Detectron2, developed by Facebook, is a state-of-the-art vision library designed to simplify the creation and utilization of object detection, instance segmentation, key point detection, and generalized segmentation models. Specifically, for object detection, Detectron2's library offers a variety of models, including RCNN, Mask R-CNN, and Faster R-CNN. RCNN generates region proposals, extracts fixed-length features from each candidate region, and performs object classification. However, this process can be slow due to the independent passing of CNN over each region of interest (ROI). Faster R-CNN architecture overcomes this limitation by incorporating the Region Proposal Network (RPN) and the Fast R-CNN detector stages. It obtains class labels and bounding boxes of objects effectively. Mask R-CNN, sharing the same two stages as Faster R-CNN, extends its capabilities by also generating class labels, bounding boxes, and masks for objects. Notably, Mask R-CNN demonstrates higher accuracy in cattle detection, as indicated by previous research. Therefore, the proposed system adopts Mask R-CNN to extract mask features specifically for cattle, as illustrated in Fig. 7. During the detection phase, the default predictor, COCO-Instance Segmentation, and Mask R-CNN with a 0.7 score threshold value (MODEL.ROI_HEADS.SCORE_THRESH_TEST) are utilized. The training process employs annotated images, while for testing, videos are fed into Detectron2 to obtain color mask, and binary mask images and detection results including bounding boxes, mask value of detected cattle region and cattle confidence score. The mask image is subsequently utilized in cattle detection calculations. Overall, by leveraging the capabilities of Mask R-CNN from Detectron2, the proposed system aims to achieve accurate and efficient cattle detection, offering valuable insights for cattle health monitoring and management.

Figure 7
figure 7

Architecture for cattle detection by using Detectron2: Custom training pipeline for our dataset.

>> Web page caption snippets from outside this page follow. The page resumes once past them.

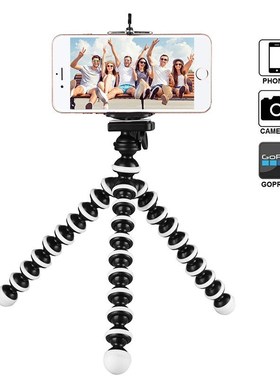 Large Octopus Flexible Tripod Stand Gorillapod for Phone Te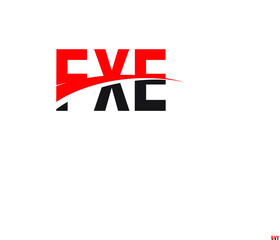 FXE Letter Initial Logo Design Vector Illustration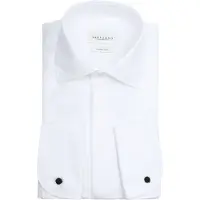 Profuomo Tuxedo Hemd Doppel Manschette Weiß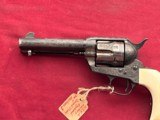 U.S.F.A. CUSTOM ENGRAVED SINGLE ACTION REVOLVER 45 COLT - CARVED IVORY GRIPS - 10 of 17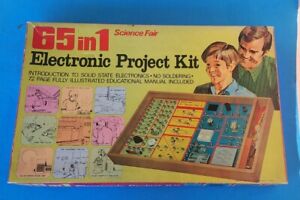 Kit projet électronique vintage Science Fair 65 en 1 - Complet - Non testé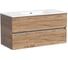 Тумба подвесная Sancos Urban 990x450x550, 2 ящика с доводчиками, дуб чарльстон, UR100ECH 1
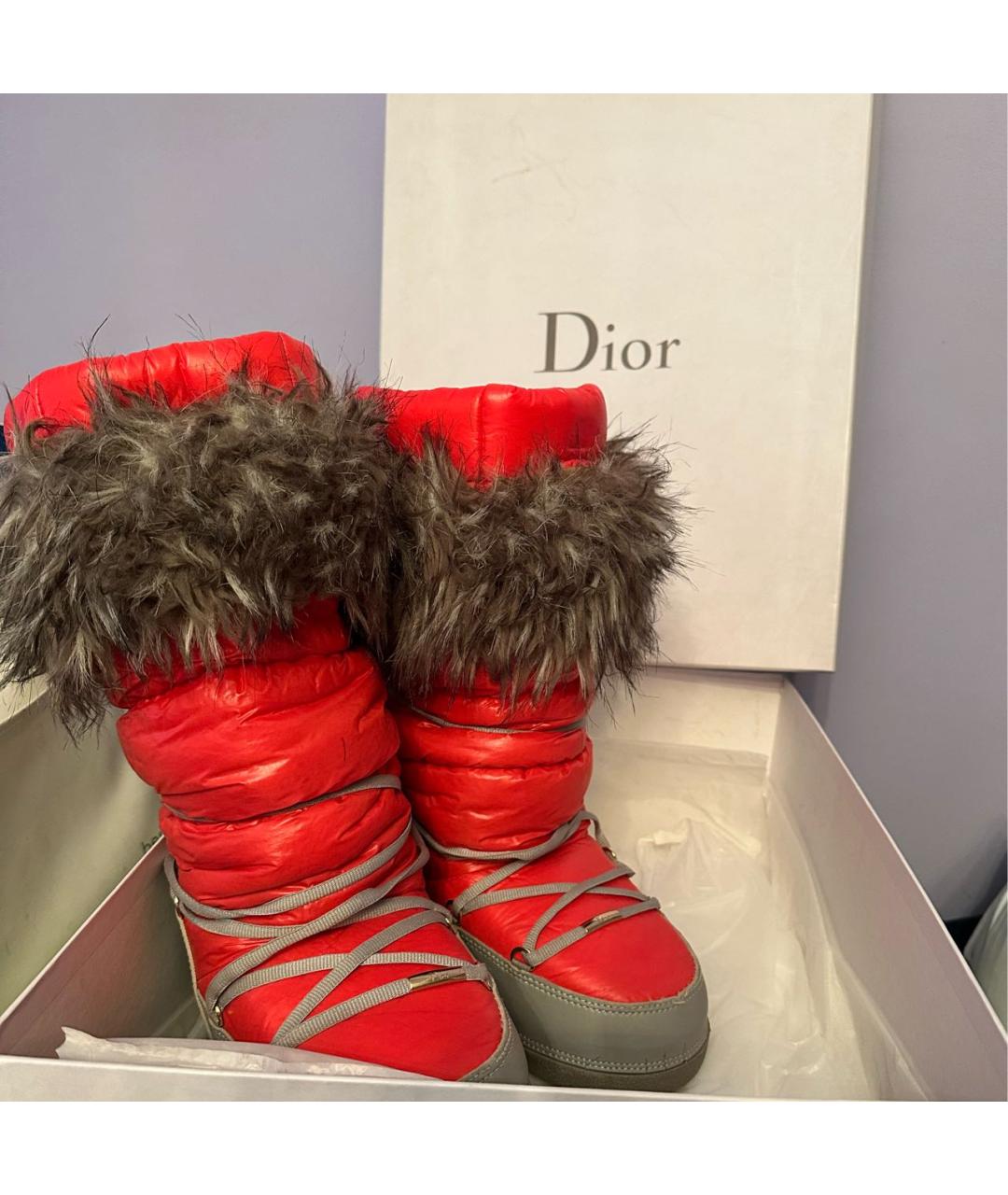 CHRISTIAN DIOR Красные сапоги, фото 4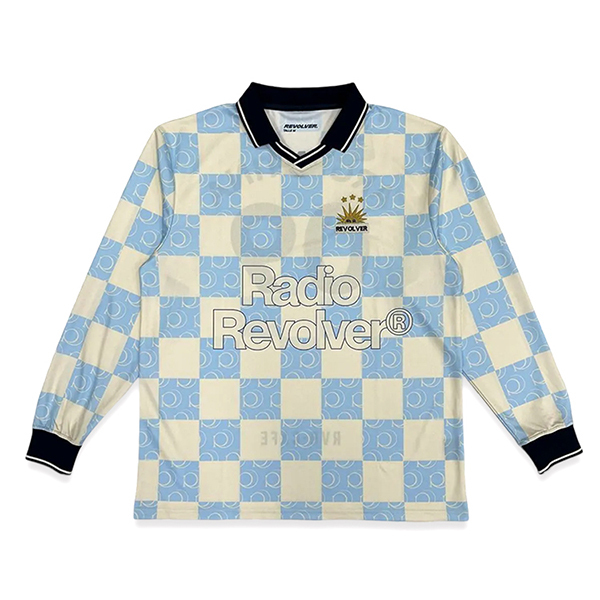 Custom Streetwear Sublimated Patchwork Embroidery Long Sleeve Vintage Football Jersey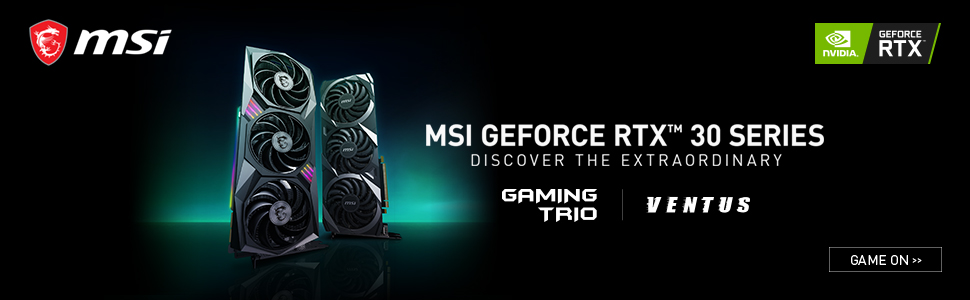 Banner RTX 3090 Gaming Trio Ventus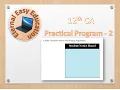 TN 12th CA practical program - 2 Student Notice Board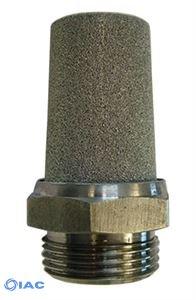 Sintered Silencer - Stainless Steel, Thread BSPP G1/8" CODE: 1SSE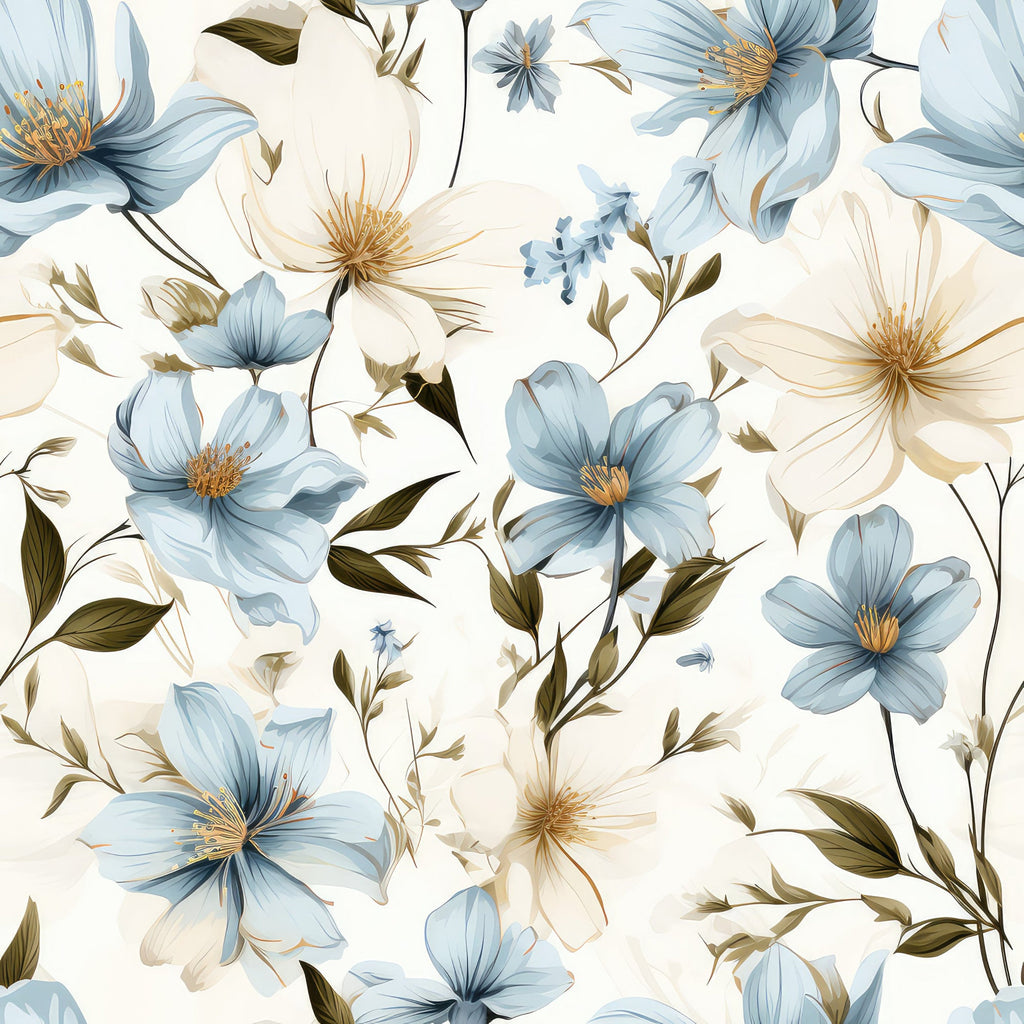 Sparse Flowers Pattern 11 Minky Fabric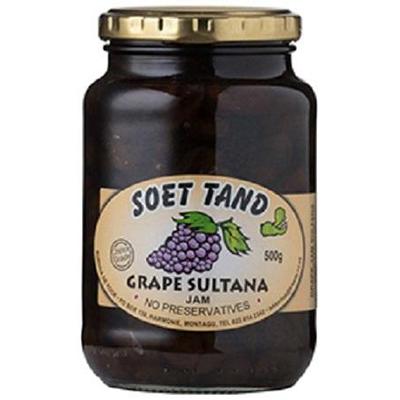 Soet Tand Grape Sultana Jam 500g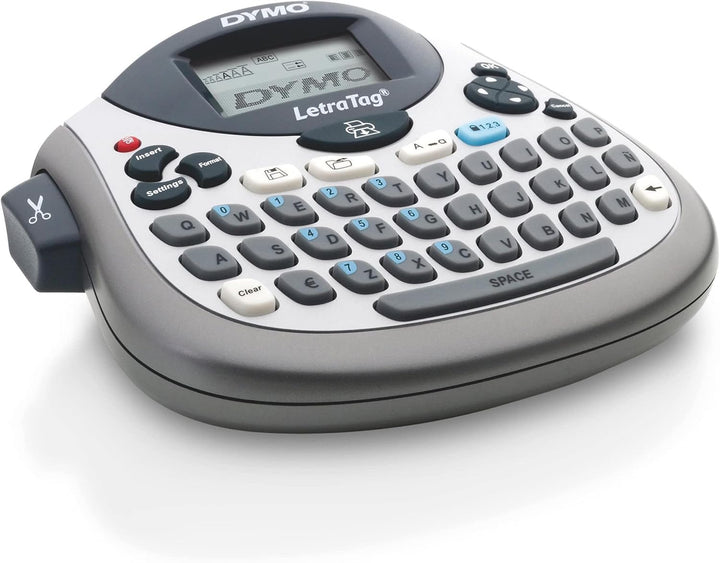 DYMO LetraTag 100T Etikettendrucker Tischgerät QWERTY-Tastatur, Blau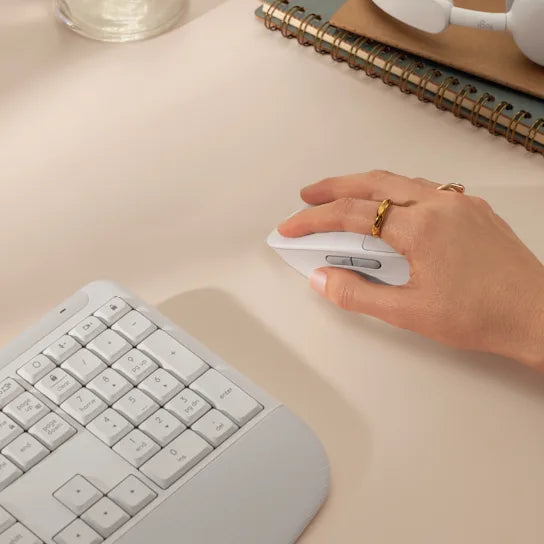 Logitech Signature Comfort Plus M850 L - Off White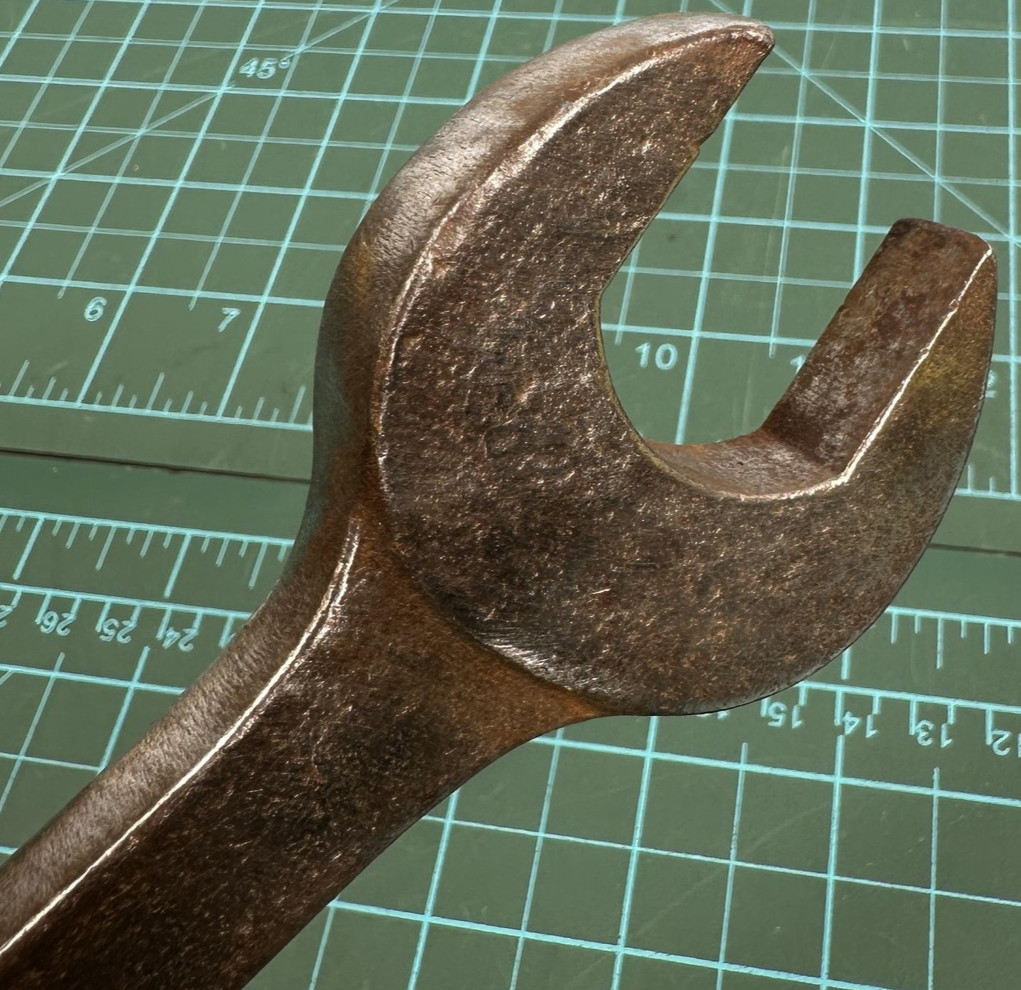 VTG Plomb 1 1/16 Pebble Combination Wrench 1234 USA Plvmb 12pt Open Box End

Ultralytics YOLOv8 is a powerful and versatile object detection and instance segmentation model that is designed to be fast, accurate, and easy to use. It builds upon the success of previous YOLO versions and introduces new features and improvements to further boost performance and flexibility. Is applicable to a wide range of tasks, including object detection, tracking, instance segmentation, image classification, and pose estimation. There are five pre-trained models with different sizes available for instance segmentation: yolov8n (Nano), yolov8s (Small), yolov8m (Medium), yolov8l (Large), and yolov8x (Extra Large). Instance segmentation goes a step further than object detection by identifying individual objects in an image and segmenting them from the rest of the image. Instance segmentation is useful when you need to know not only where objects are in an image, but also what their exact shape is. In this research, we employ the YOLOv8x-seg model for cattle detection and segmentation. Unlike traditional methods, we do not rely on manual annotation or custom training specific to cattle. Instead, YOLOv8x-seg is applied directly to the task of cattle detection, leveraging its advanced capabilities and pretrained features. This approach, as shown in Fig. 8, allows us to achieve accurate and efficient cattle detection without the need for labor-intensive annotation processes or specialized training. By utilizing the powerful segmentation capabilities of YOLOv8x-seg, we can effectively identify and delineate cattle regions in images or videos, contributing to the overall success of the study.

Figure 8
figure 8

Architecture for cattle detection by using YOLOv8 base model.

Cattle tracking

In this study, the movement of cattle through individual lanes necessitates precise individual tracking to enable accurate lameness calculation. Ensuring accurate cattle identification and storage is of paramount importance. The dataset's simplicity involves the traversal of just one or two cattle through the lanes. The system employs a designated region of interest, demarcated by the lines in Fig. 9, aligned with the camera settings. The tracking procedure features two vertically intersecting red lines within the frame. The left line represents the left threshold, and the corresponding right line serves as the right threshold. The amalgamation of computer vision, machine learning, and deep learning in recent years has yielded remarkable strides in tracking algorithms, leading to substantial improvements in accuracy.

Figure 9
figure 9

Cattle tracking logic (bounding box: [x1, y1, x2, y2], left threshold = entrance gate, right threshold = exit gate).

Algorithm 1
figure a

Customized tracking algorithm (CTA).

In pursuit of cost-effectiveness and time efficiency, the research leveraged Intersection over Union (IoU) calculations for tracking, supplemented by the incorporation of individual ID lifetimes. This strategy, bolstered by Fig. 10, tackles challenges like missed detections and other detection intricacies. And Table 2 explains the variable use in tracking flowchart. This approach stands in contrast to conventional cattle tracking algorithms, offering simplicity, ease of manipulation, and minimal inference time. Tracking initiation occurs when a cattle's position precedes the left threshold and concludes upon the right side of the cattle's bounding box surpassing the right threshold. Within this tracking phase, the assignment of a cattle's Local ID transpires prior to traversing the left threshold, with the resulting Local ID stored in the Temporal Database. This meticulous tracking method ensures accuracy and efficiency, thereby contributing to the study's comprehensive monitoring and analysis objectives.

Figure 10
figure 10

Automated cattle tracking process flow diagram.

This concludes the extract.